··· EXCERPTED RECORDS ···
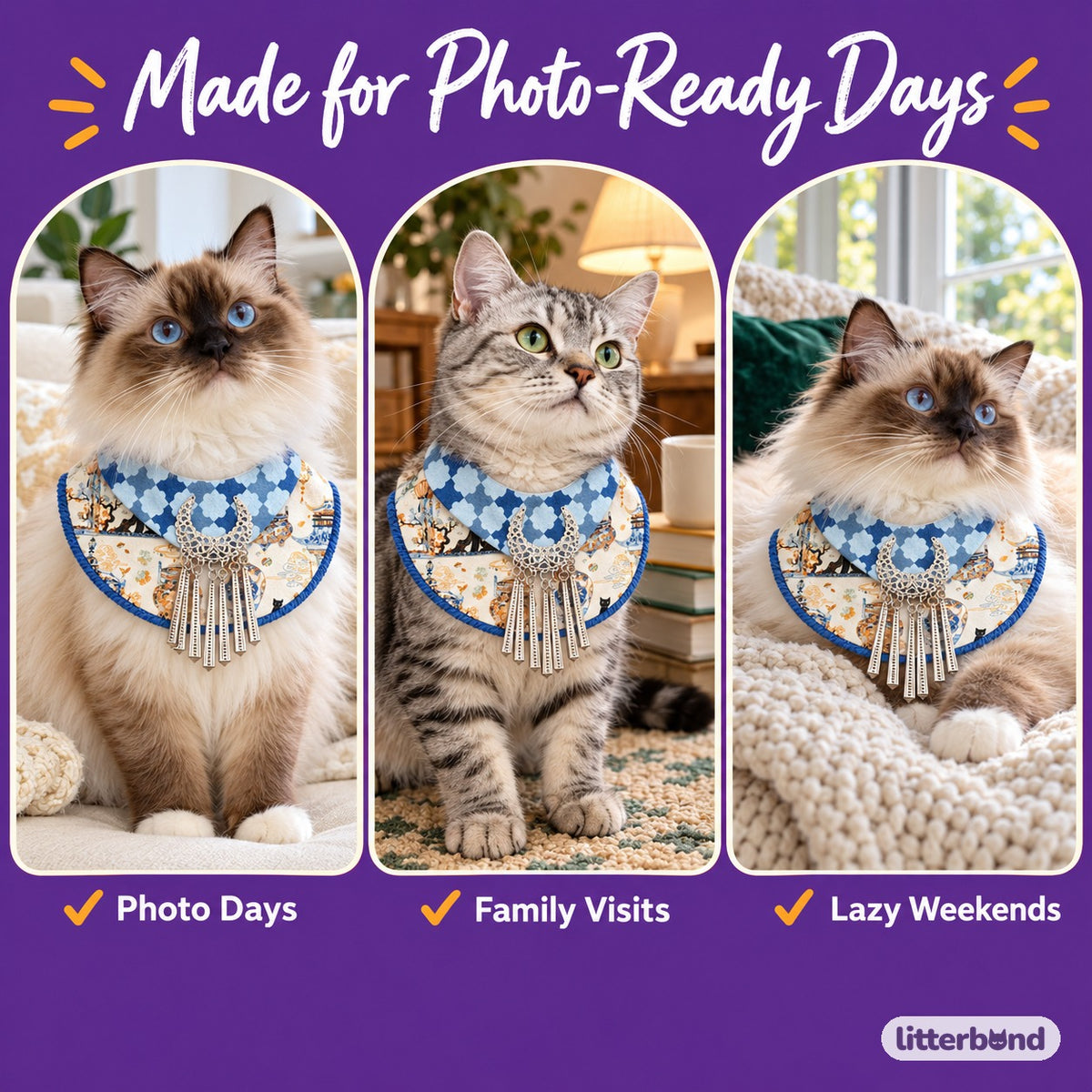 Silver Fringe Bib for Photos on a cat at home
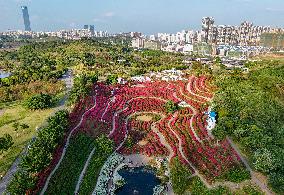 Tourists View Triangular Plum in Nanning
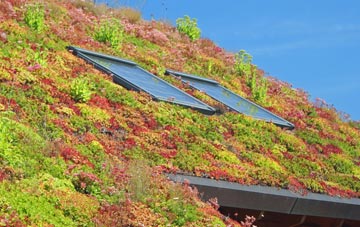 Anstruther Easter living roof systems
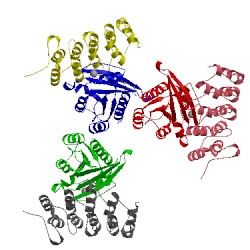 Image of CATH 4cym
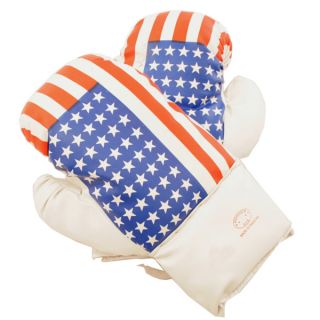 Defender USA 12 ounce Boxing Gloves   14275749  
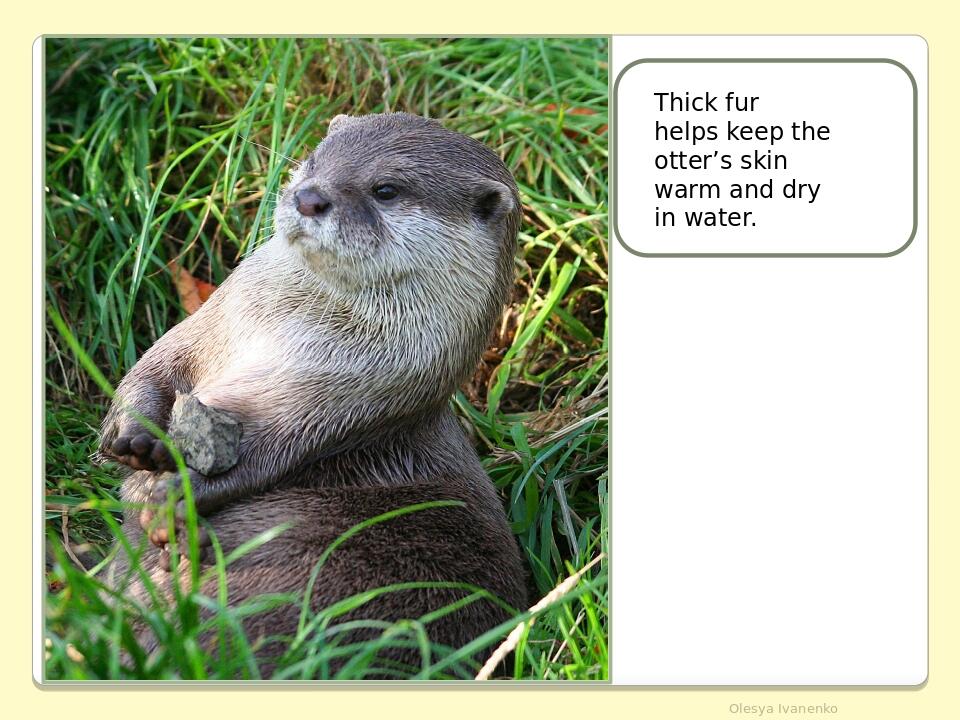     Olesya Ivanenko Thick fur helps keep the otter’s skin warm and dry in water.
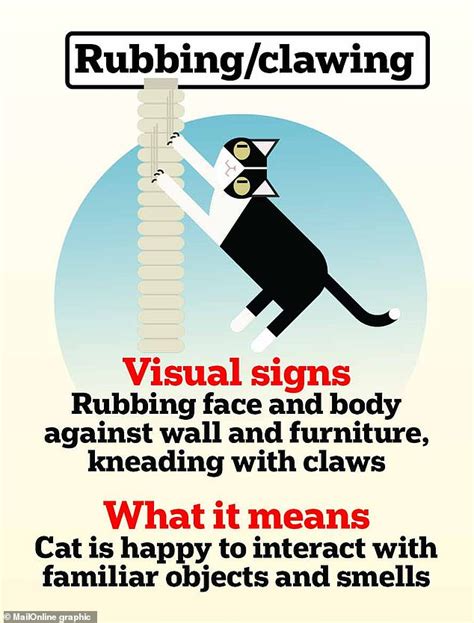 How Well Do You Know Your Cat The 13 Secret Signals Felines Give Their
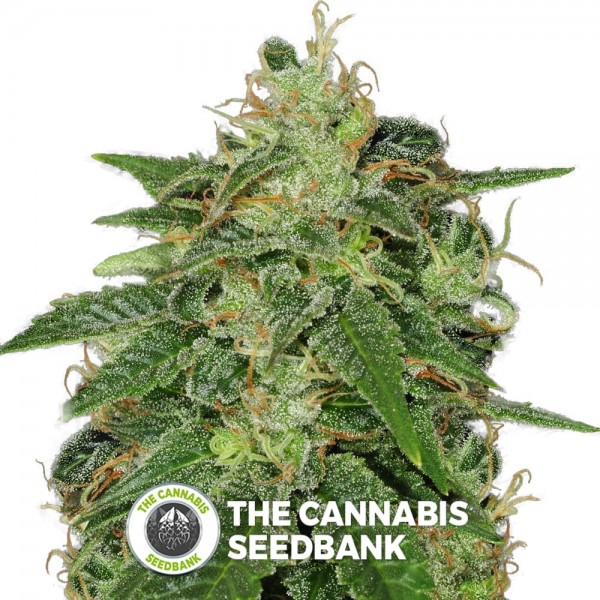Sage n Sour (T.H. Seeds) - The Cannabis Seedbank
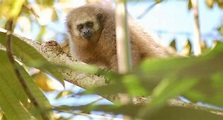 Mono Tocón: la especie única en Perú en peligro de extinción Perú | Correo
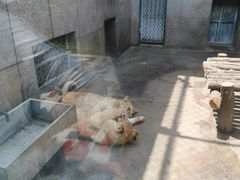 -西安秦岭野生动物园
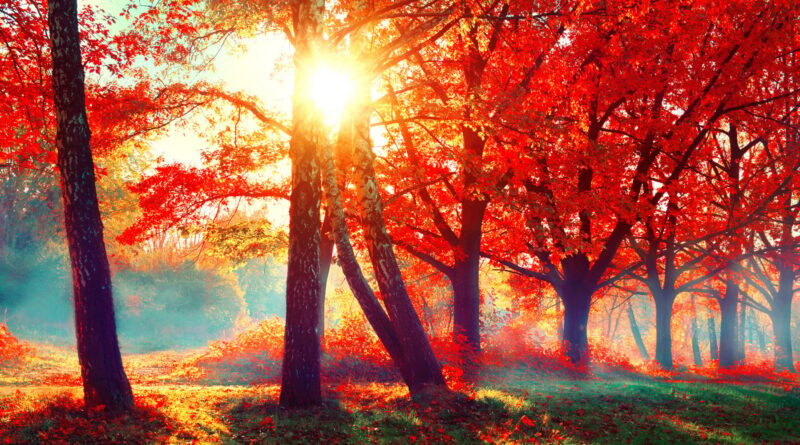 Vremea: temperaturi maxime de 13-15 grade în majoritatea regiunilor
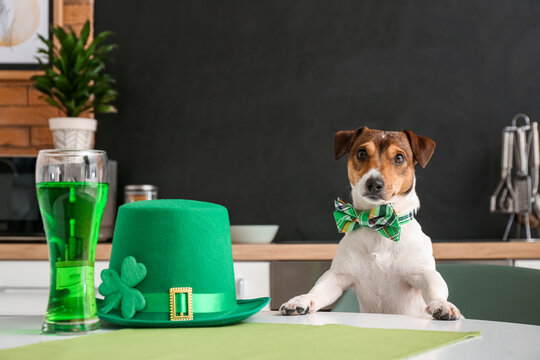 Cute dog with green hat and glass of beer at home. St. Patrick's Day celebration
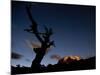 A Lone Tree Silhouetted at Night and the Torres Del Paine Mountains-Alex Saberi-Mounted Photographic Print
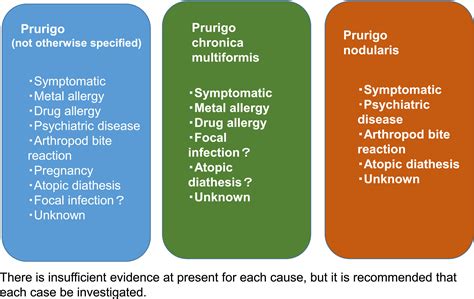 2020 guidelines for the diagnosis and treatment of prurigo - Satoh ...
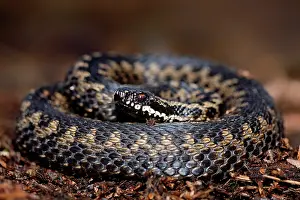 Coil: Common European Adder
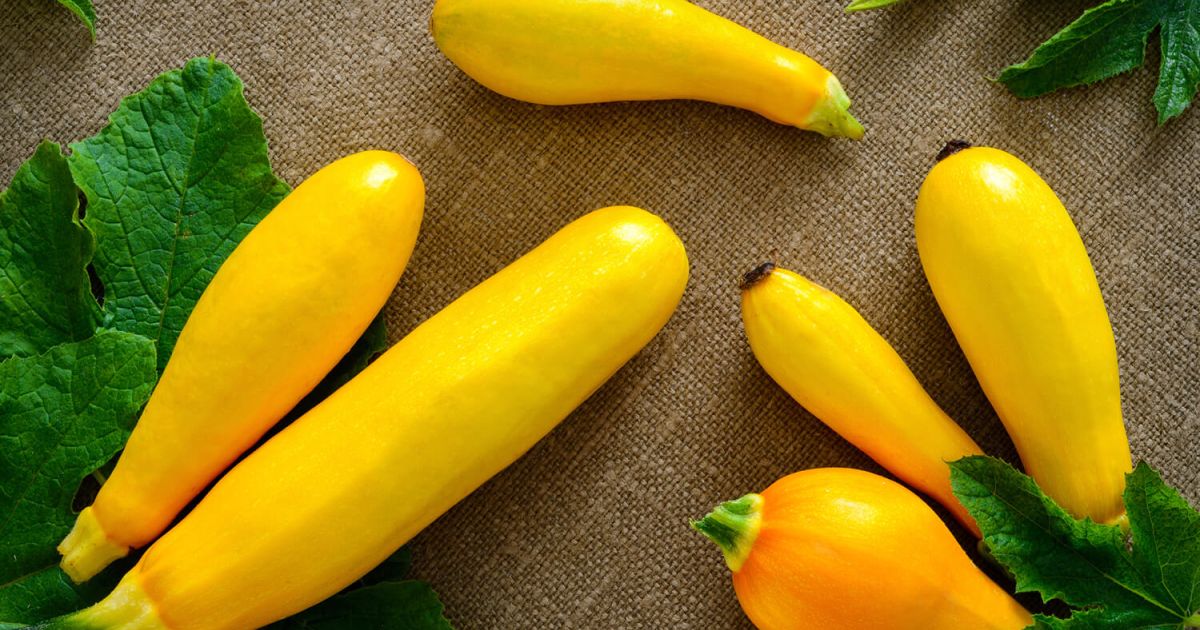 Healthy Yellow Squash Recipes Slender Kitchen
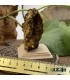 ولفونیت نارنجی کمیاب ترین سنگ کلکسیونی Wulfenite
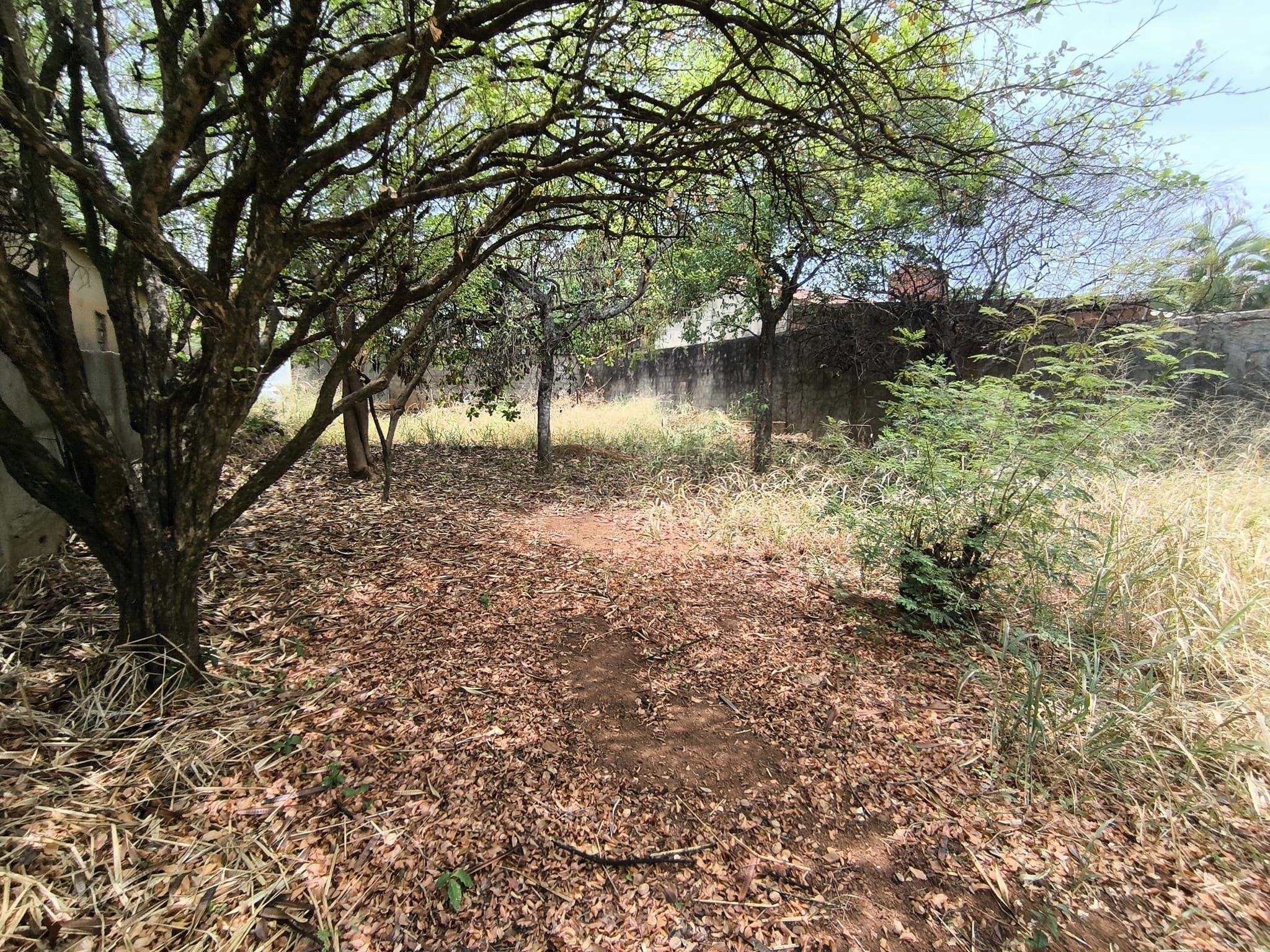 Terreno, 390 m² - Foto 4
···
TASK ITEM
Write the records out in full, word for word; leave every picture behind.

RESULT BELOW
 Silver Fringe Bib for Photos on a cat at home
 Tourists View Triangular Plum in Nanning
 Anstruther Easter living roof systems
 Image of CATH 4cym
 Defender USA 12 ounce Boxing Gloves   14275749  
     Olesya Ivanenko Thick fur helps keep the otter’s skin warm and dry in water.
 How Well Do You Know Your Cat The 13 Secret Signals Felines Give Their
Sage n Sour (T.H. Seeds) - The Cannabis Seedbank
 Mono Tocón: la especie única en Perú en peligro de extinción Perú | Correo
 -西安秦岭野生动物园
 Vremea: temperaturi maxime de 13-15 grade în majoritatea regiunilor
 Cute dog with green hat and glass of beer at home. St. Patrick's Day celebration
 A Lone Tree Silhouetted at Night and the Torres Del Paine Mountains-Alex Saberi-Mounted Photographic Print
 2020 guidelines for the diagnosis and treatment of prurigo - Satoh ...
 Coil: Common European Adder
 Healthy Yellow Squash Recipes Slender Kitchen
 ولفونیت نارنجی کمیاب ترین سنگ کلکسیونی Wulfenite
 Terreno, 390 m² - Foto 4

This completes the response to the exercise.